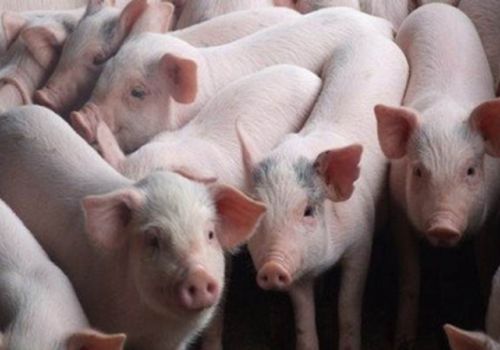 Giá heo hơi hôm nay 23/11: Ba miền đồng loạt đi ngang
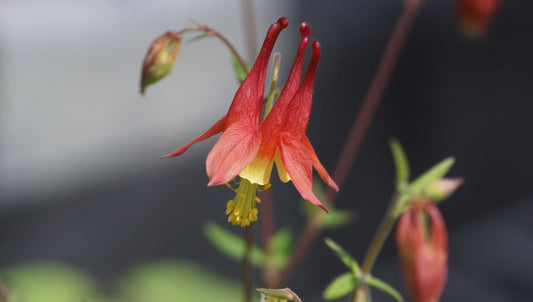 Aquilegia canadensis - Kanadische Akelei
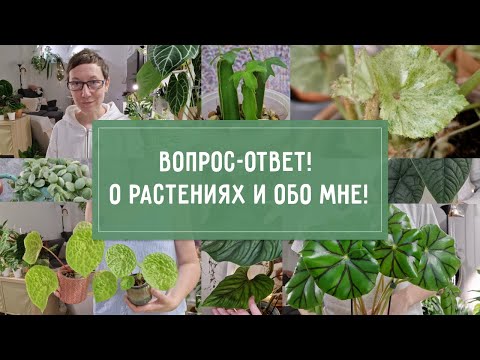 Видео: ВОПРОСЫ-ОТВЕТЫ! Обо Мне и о РАСТЕНИЯХ!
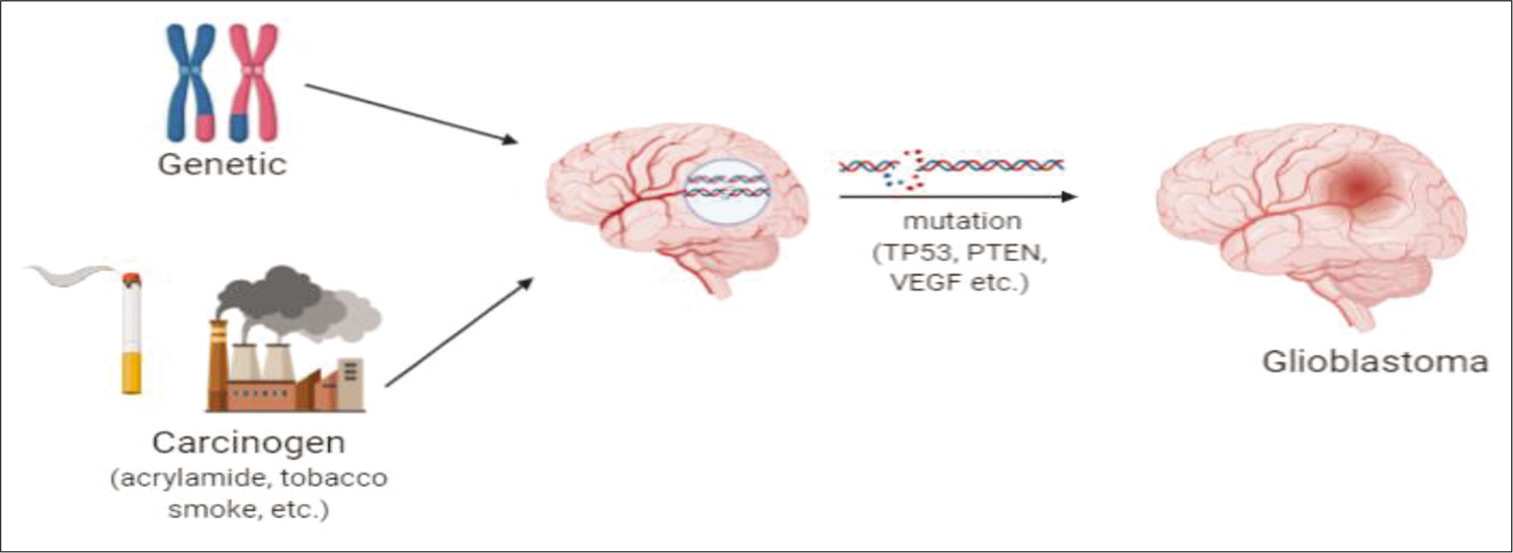 Carcinogens undergoing mutation, resulting in the formation of glioblastoma.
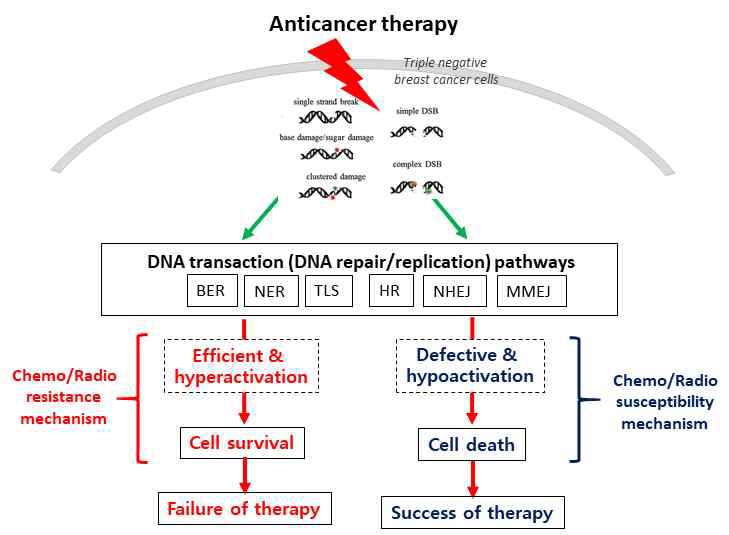 삼중음성유방암에서 항암 치료 시 DNA 트랜잭션(복구/복제) 능력에 따라 가능한 항암 치료 내성/감수성, 세포의 생존/사멸 및 치료 효과에 대한 개략적인 모식도
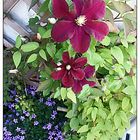 "Clematis im Juni"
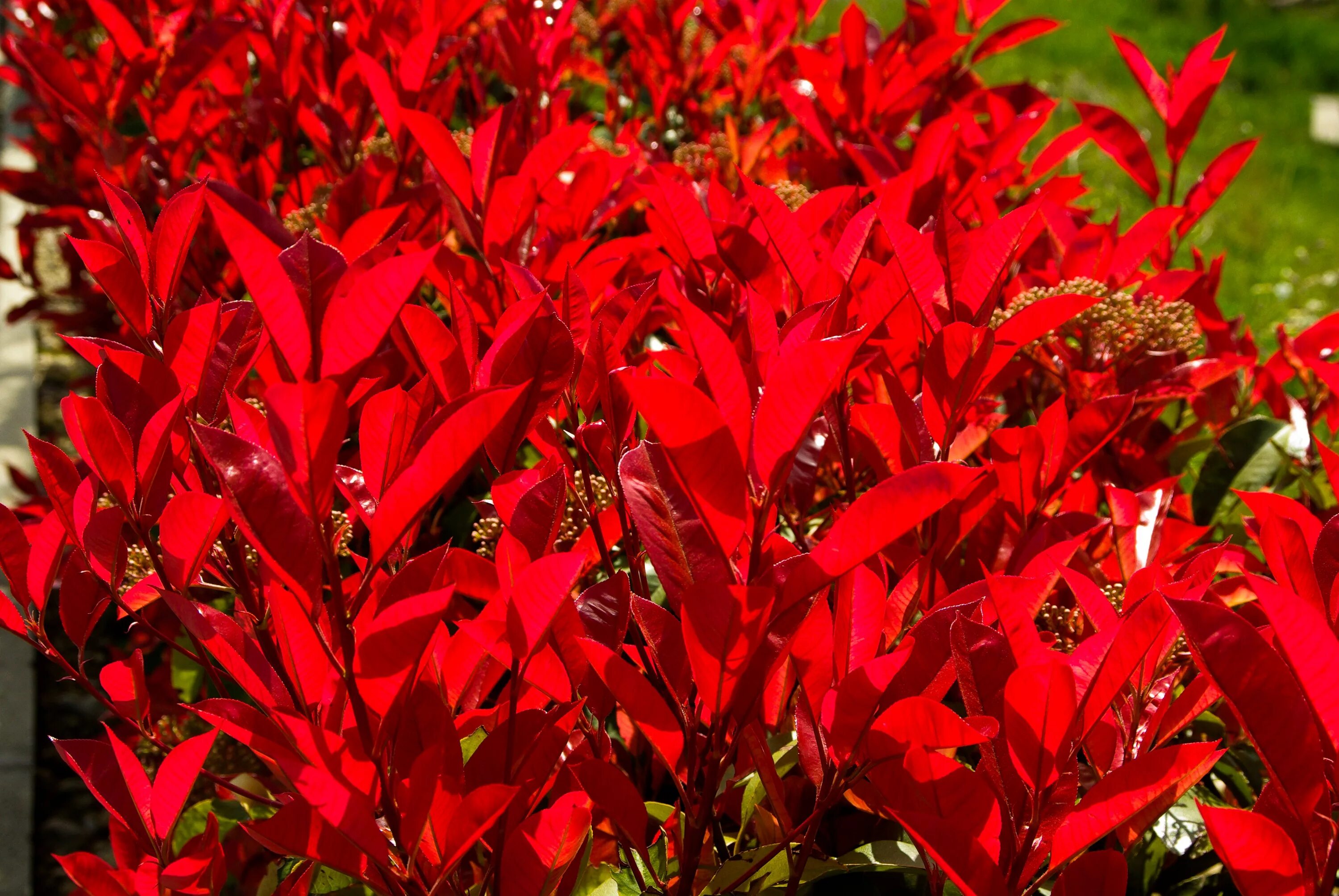 Red plant. Фотиния Фразера. Кустарник Фотиния Фразера. Фотиния Фразера Red Robin. Фотиния краснолистная.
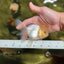 Adorable A Grade Beautiful White Oranda Female 4.5 inches #041825OR_07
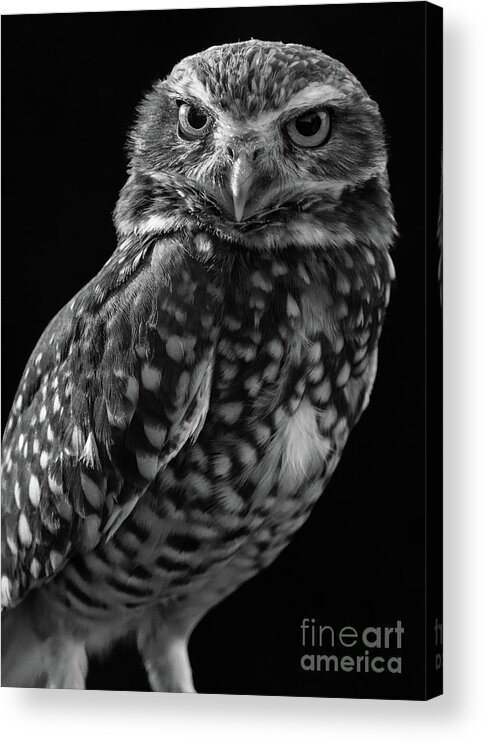 Burrowing Owl Acrylic Print featuring the photograph Burrowing Owl by Chris Scroggins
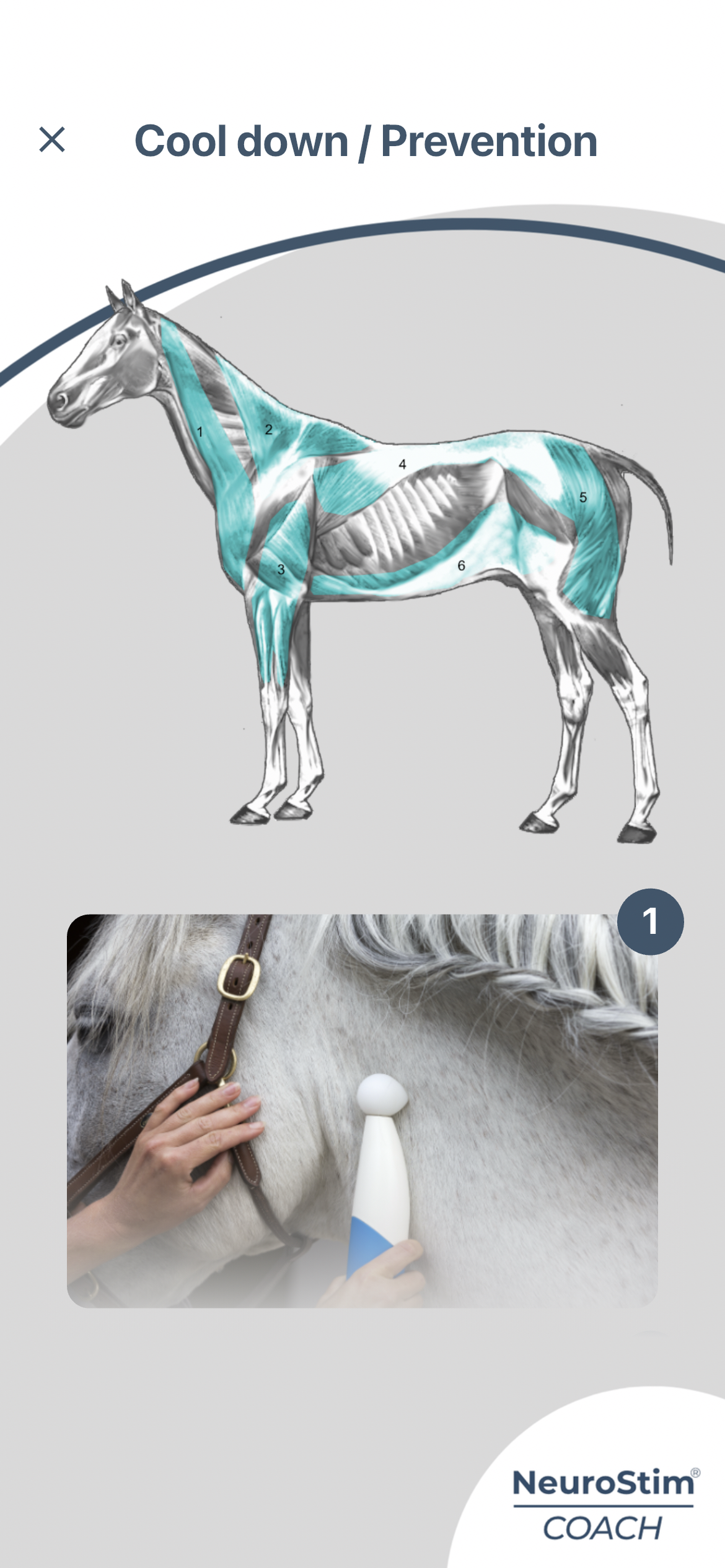 App Screenshot 3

-=-=-=-=-

Work task
Every line from the top of the records above to the line with "Red plant. Фотиния", inclusive, should be duplicated exactly, minus the pictures.

Task result
 Giá heo hơi hôm nay 23/11: Ba miền đồng loạt đi ngang
 Aquilegia canadensis - Kanadische Akelei
 Видео: ВОПРОСЫ-ОТВЕТЫ! Обо Мне и о РАСТЕНИЯХ!
 Carcinogens undergoing mutation, resulting in the formation of glioblastoma.
 삼중음성유방암에서 항암 치료 시 DNA 트랜잭션(복구/복제) 능력에 따라 가능한 항암 치료 내성/감수성, 세포의 생존/사멸 및 치료 효과에 대한 개략적인 모식도
 "Clematis im Juni"
 Red plant. Фотиния Фразера. Кустарник Фотиния Фразера. Фотиния Фразера Red Robin. Фотиния краснолистная.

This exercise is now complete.